Just wanted to say.. The Akbash that "visits" us, while I don't appreciate him bothering my animals, I have been able to catch him, pet him, and he is not agressive. He has had no formal training, they just throw theirs out with their herd to begin with (with supervision) during the day, and eventually they are out all the time.


----------



## dianneS

Well, that's good to know lupinfarm.  

I just took my Cavalier King Charles Spaniel out to the goat pasture today to see how the goats react to him.  They weren't thrilled by his presence, but not really frightened of him at all.

He doesn't have a clue what to do out there!  Its really funny!  He's afraid of the goats actually, but loves to chase squirrels and anything else.  He's certainly not "patrolling" the pasture.  He's really just sitting out there waiting for me to come get him.  He's no LGD that's for sure!

He's enjoying the sun and chasing bugs, barking at the chickens.  I'm enjoying not having to wonder where he's wandered off to now!  I'm waiting to see if he gets head butted and then runs off to hid under a bush!  He's a real sissy!

Watching him makes me want a LGD!


----------



## dianneS

Rollfarms,  that's all very informative.

I would like to have a dog that is leash trained, can sit, stay and lie down as well as know not to jump up.

I imagine that if we got a LGD, it would be somewhat social, because our goats are social.  When anyone goes to the fence the goats come running for attention and most of all animal crackers!  If the dog were with them I guess he would learn to tolerate people on the other side of the fence.

I guess my biggest concern at this point is that I don't want a potential liability on my property.  It sounds like they are just not that aggressive that they go looking for trouble.

I was thinking that even if the dog were out at the barn, that he would still be a deterent to strangers lurking around the house.  Our barn isn't all that far from the house anyway.  The worst threat to our goats would be other people's dogs too.  We don't have any issues at this time, but I hear quite a few on the other side of the creek that sound big enough to take down a goat.  The coyotes are getting worse and worse in surrounding areas as well, so I only imagine that its just a matter of time til we see them here.

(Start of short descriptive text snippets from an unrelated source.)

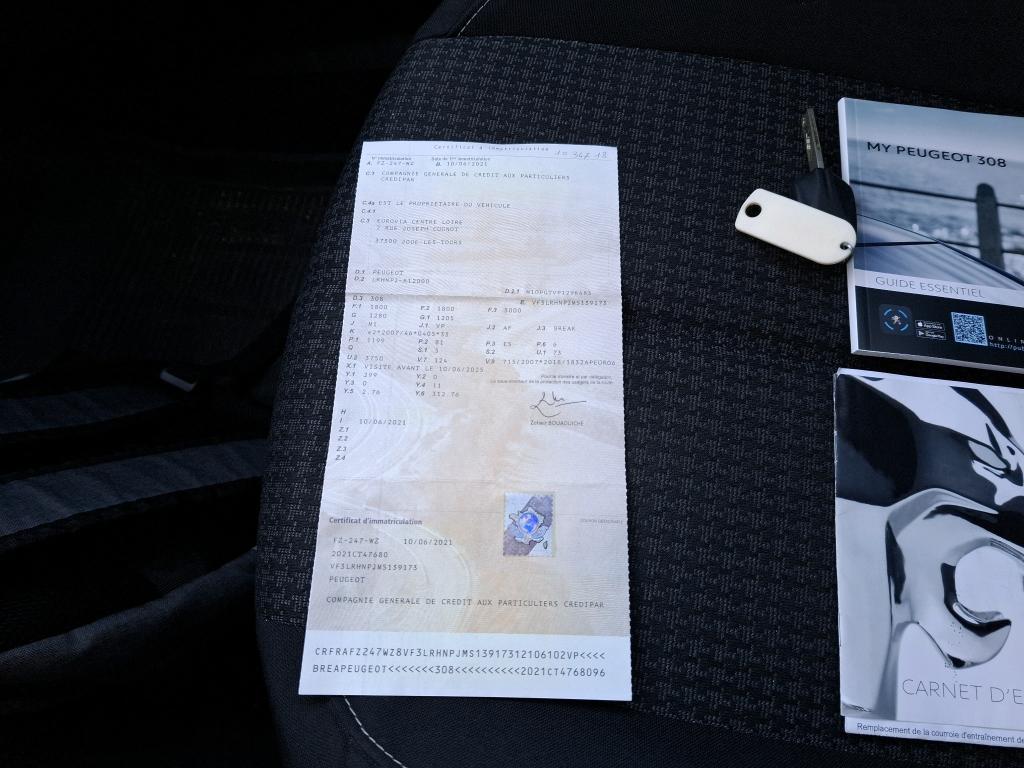 Peugeot 308 SW PureTech 110ch S&S BVM6 Active Pack 2021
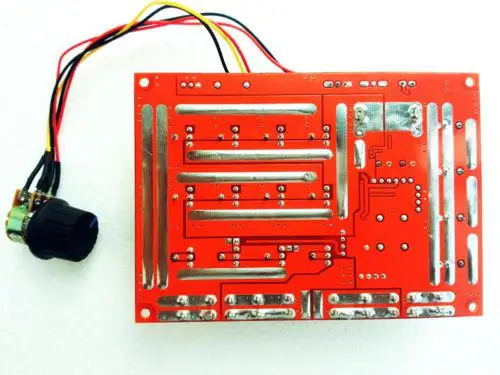 10 50V 60A DC мотор управления скоростью ШИМ HHO RC контроллер 12V 24V 48V 3000W макс|Контроллер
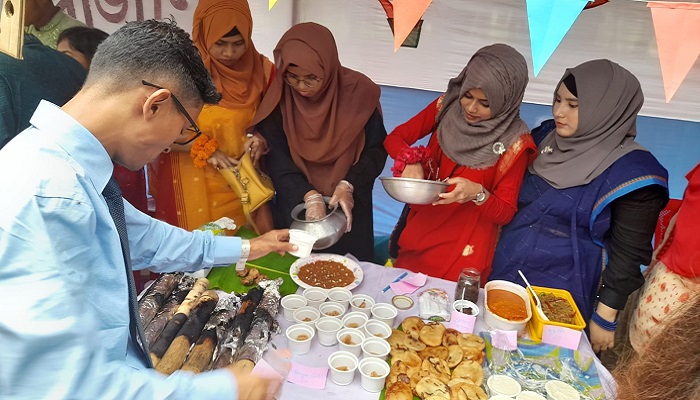 নোবিপ্রবিতে কালচারাল ফুড উৎসব অনুষ্ঠিত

If I were to get this puppy neutered, could I take him to the vet right away before he gets too attached to his new herd?

BTW I had to bring my Cavalier in from the goat pasture!  The goats got used to him and started pushing him around!  I heard a yelp and went to rescue him!


----------



## ksalvagno

I don't have an LGD but it is my understanding that strangers wouldn't be able to just go up to your fence and see the goats without you present. Any farm that I have been on with an LGD, if I'm not with the owner, the dog makes it clear to stay away. I don't even go near a fence. So if you have people just going up to your goat fence without you there, that could be a problem. Especially once the LGD really integrates with herd and considers it his own.

I don't have an LGD because I admit I don't want to take the time to train the dog. I have guard llamas instead. With the guard llamas, they either have the instinct or they don't. No training involved. But if a pack of dogs or at least more than one dog was involved, the llamas probably wouldn't be able to take care of that.


----------



## Roll farms

We had some great guardian llamas....but they didn't see raccoons and weasels as threats and let them kill the chickens.
That's why we got rid of the llamas and got dogs.  
(I tried to have both, the llamas tried to kill Razor as a pup....since he would guard the birds eventually, he won the 'who stays?' contest.)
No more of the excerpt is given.